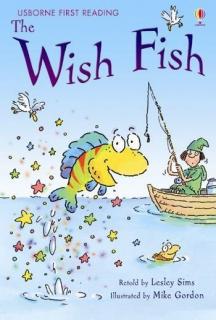 The Wish Fish, Carte de povesti in limba engleza First Reading Level 1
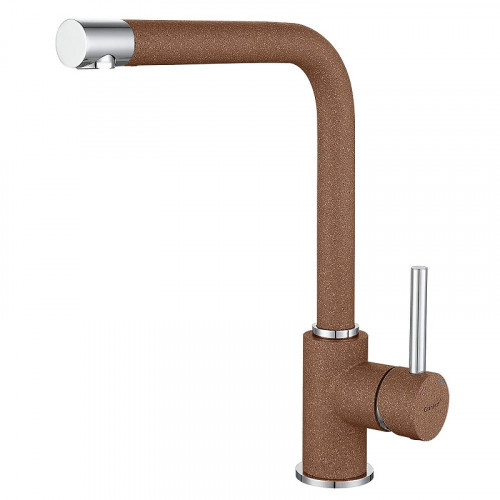 Смеситель для кухни GranFest 3651 цвет Терракот
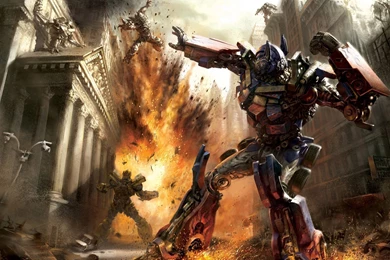 Megatron Optimus Prime And Bumblebee Transformers Wallpapers ...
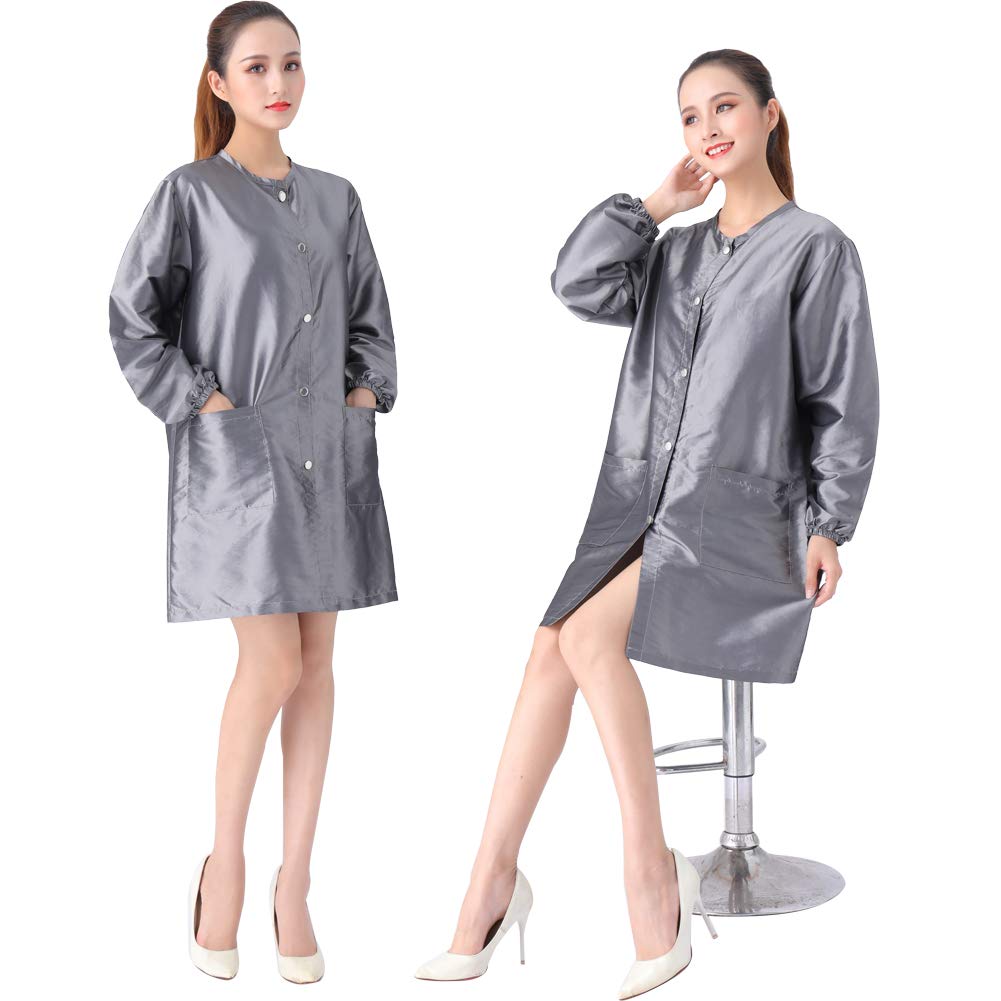 KAHOT Professional Salon Smock Stylist Jacket Cosmetology Uniform Hairdressing Cape Hairdresser Work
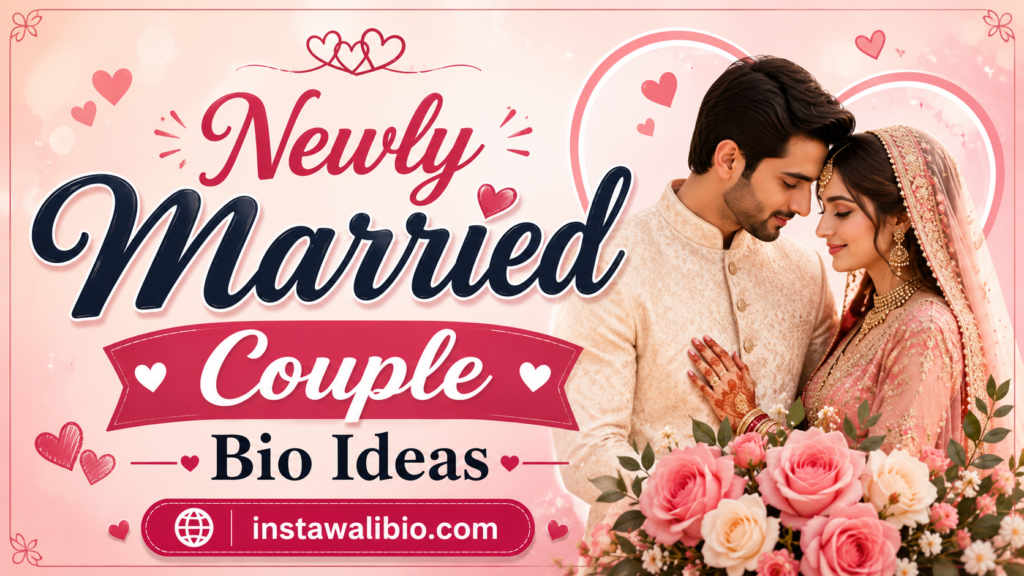 newly-married-couple-bio-ideas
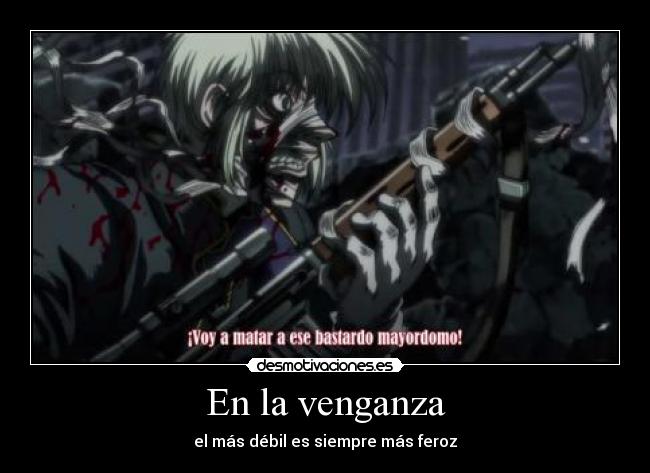 En la venganza - 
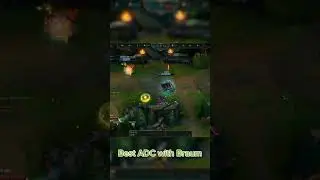 Best ADC With Braum (Kalista) #highlights #leagueoflegends #rank1 #ranked #braum #kalista #duo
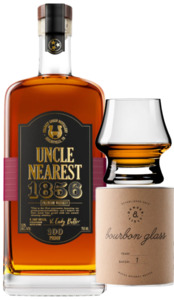Uncle Nearest 1856 Whiskey Gift Box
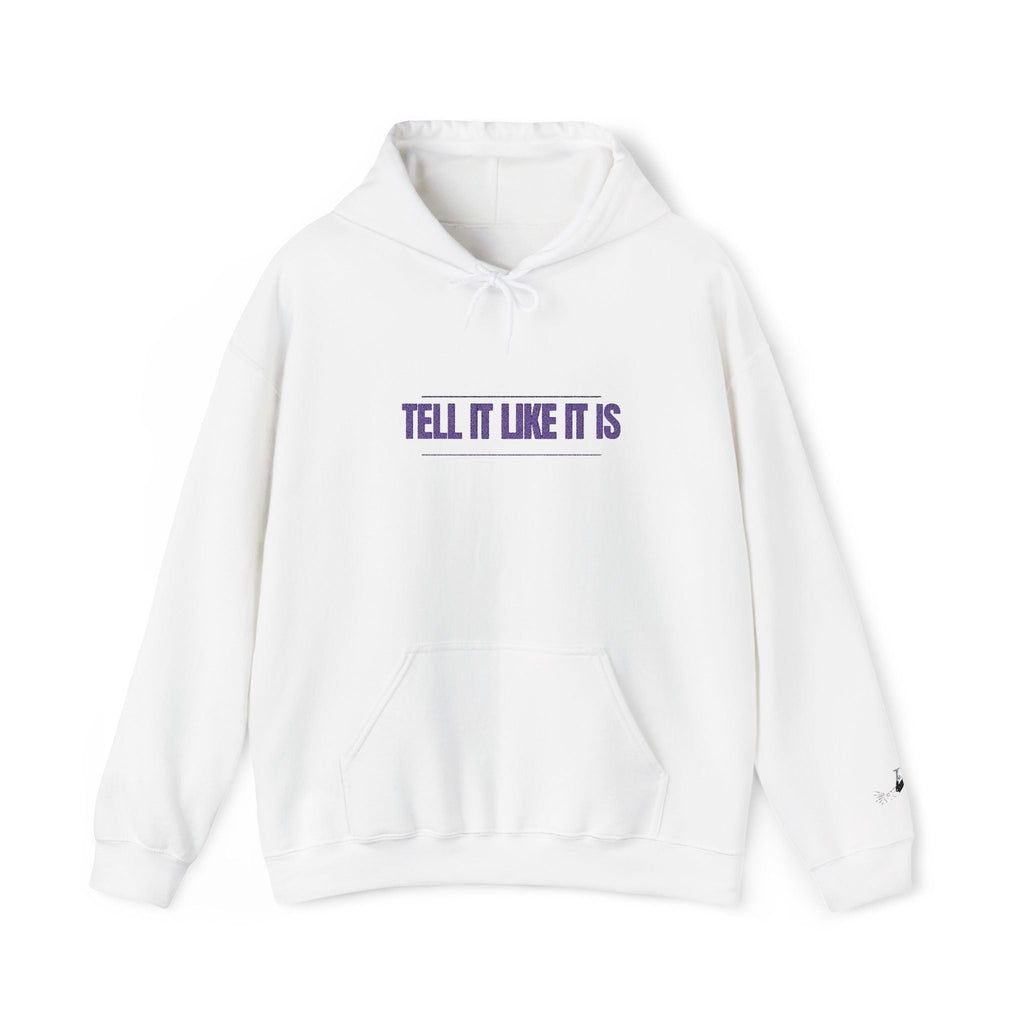 Tell It Like It Is Hoodie — Bold Statement Pullover for Honest, Confident Style Printify Hoodie  314 Originals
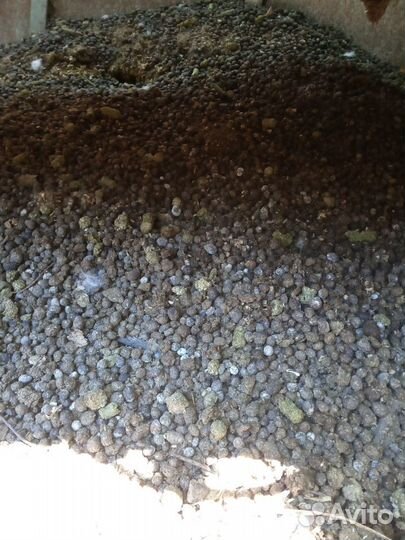 Продам навоз кроличий свежий в мешках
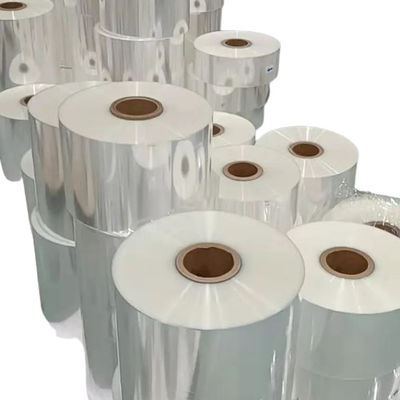 Film di imballaggio BOPP in plastica trasparente da 80 Gauge per imballaggi di verdura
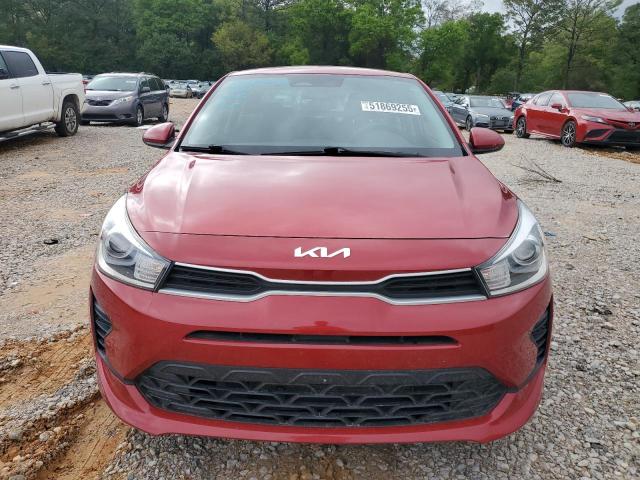  KIA RIO 2023 Красный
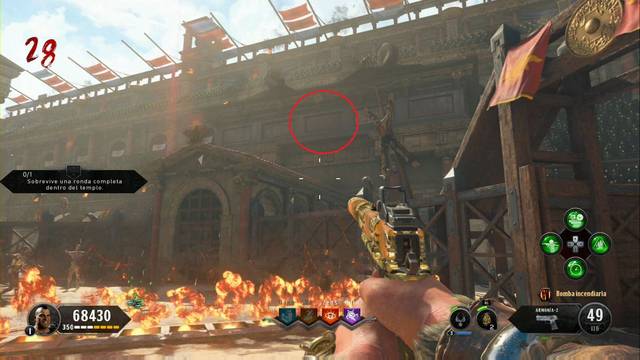 Call of Duty Black Ops 4 Zombies - Símbolos del toro - Arena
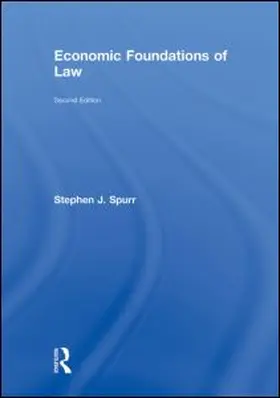 Economic Foundations of Law second edition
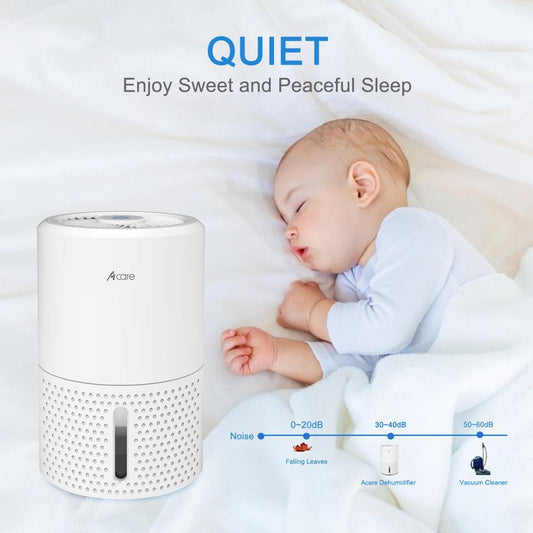 Smart Dehumidifier for Home Bedroom & Basement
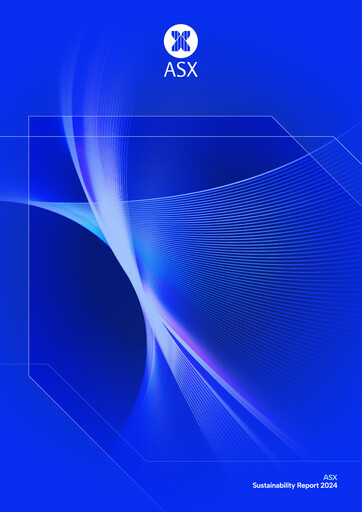 Thumbnail ASX Sustainability Report 2024
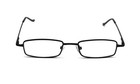 Eye Zoom Slim Compact Lightweight Tube Reading Glasses With Portable Clip Case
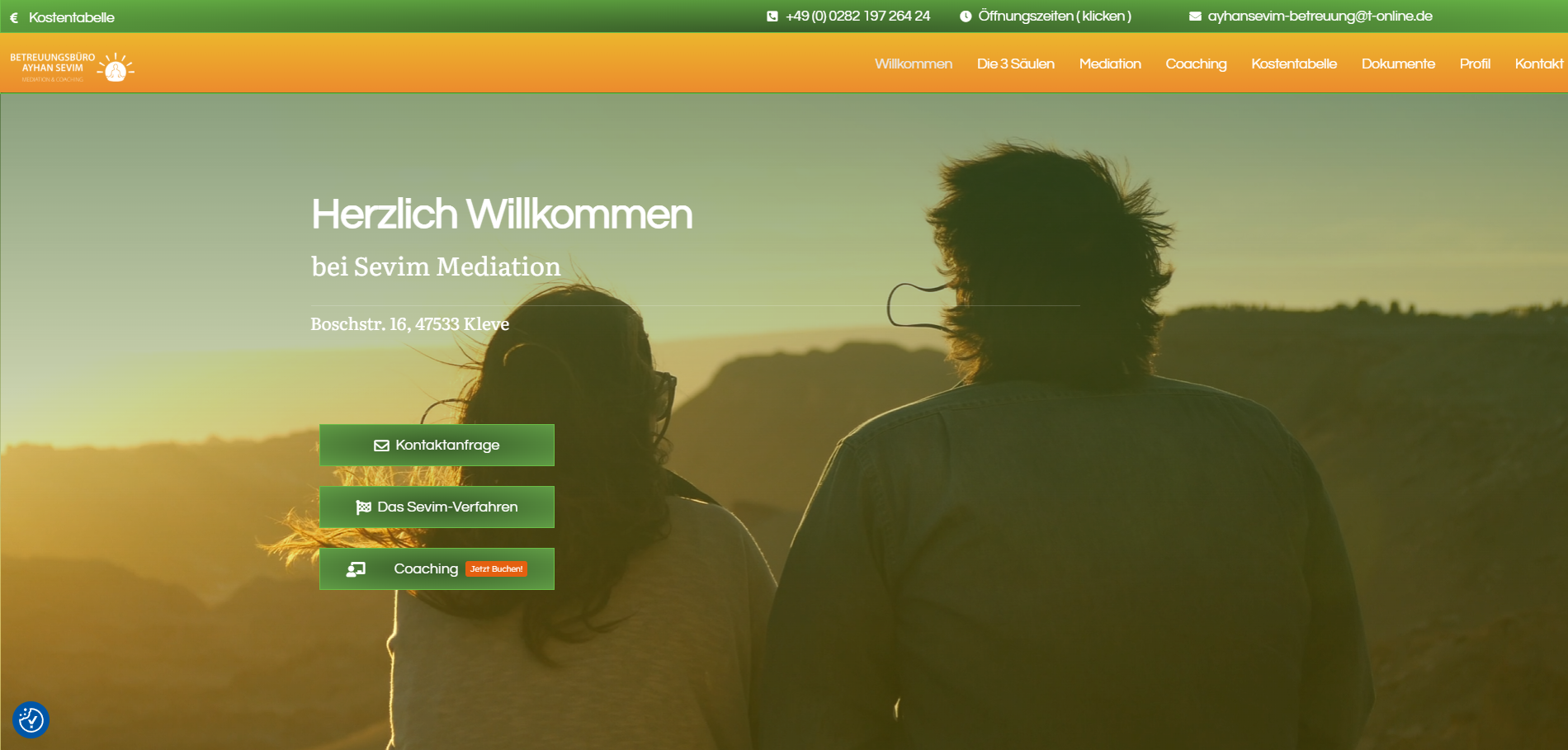 Mediation Sevim in Kleve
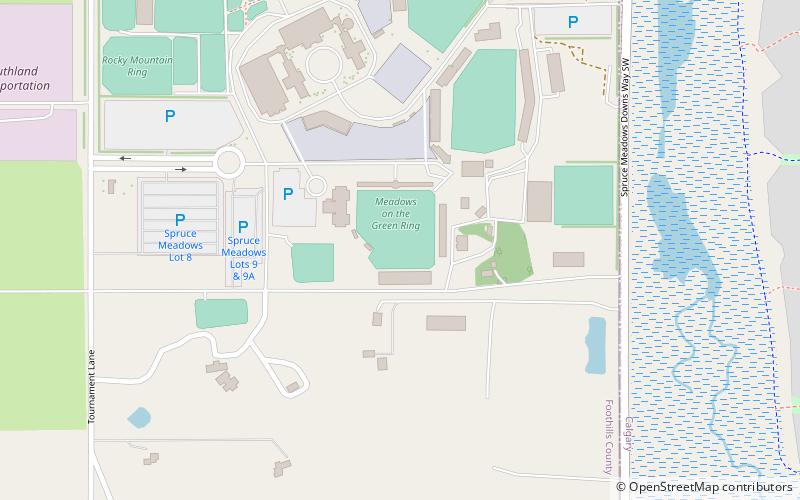 ATCO Field location map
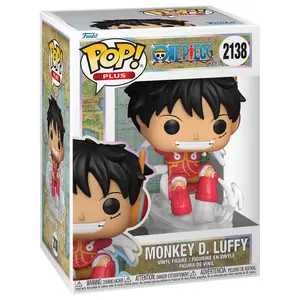 Figurine Funko One Piece Monkey D. Luffy image-1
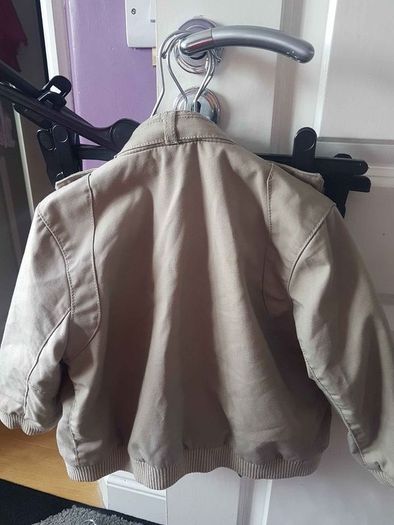 next jacket 2-3 years ols worn once pls read descr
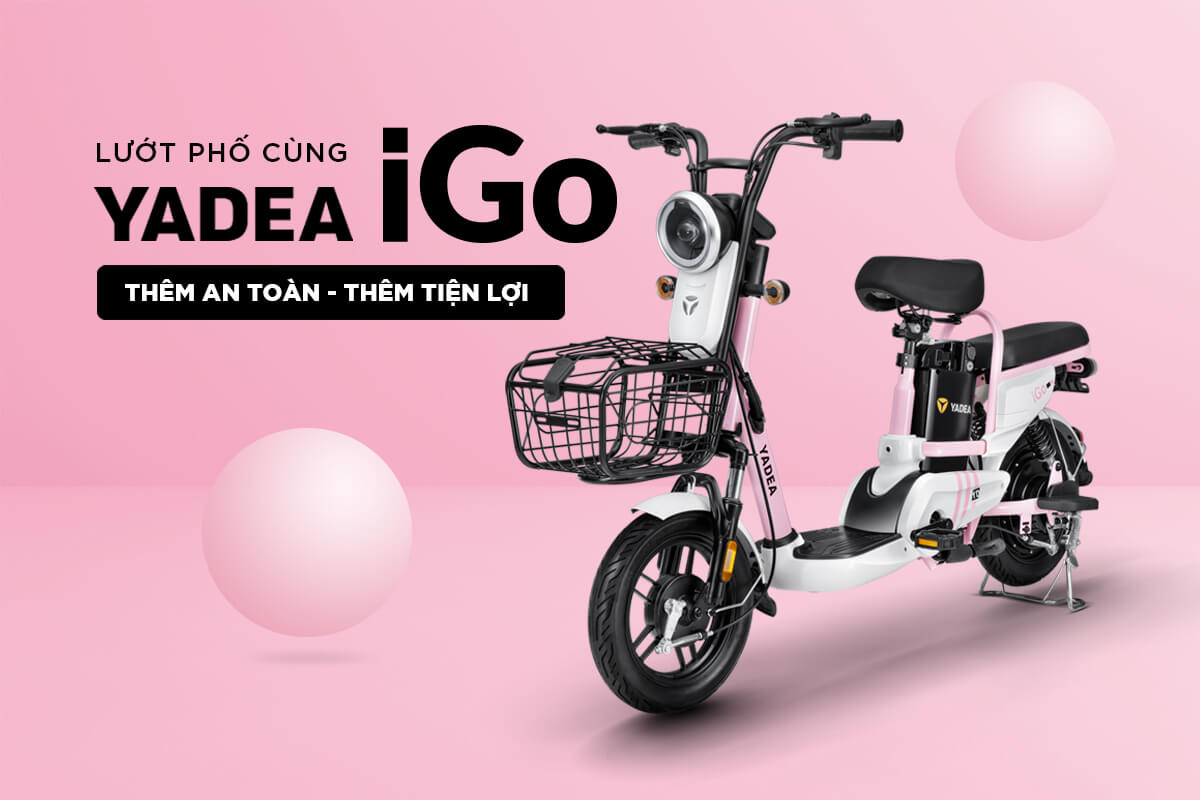 Xe máy điện YADEA IGO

================================

Leave every picture out, and reproduce exactly the lines from the line bearing "Eye Zoom Slim" through the closing line of the material above.

■ Solution to this task
 Eye Zoom Slim Compact Lightweight Tube Reading Glasses With Portable Clip Case
 Mediation Sevim in Kleve
 ATCO Field location map
 Figurine Funko One Piece Monkey D. Luffy image-1
 next jacket 2-3 years ols worn once pls read descr
 Xe máy điện YADEA IGO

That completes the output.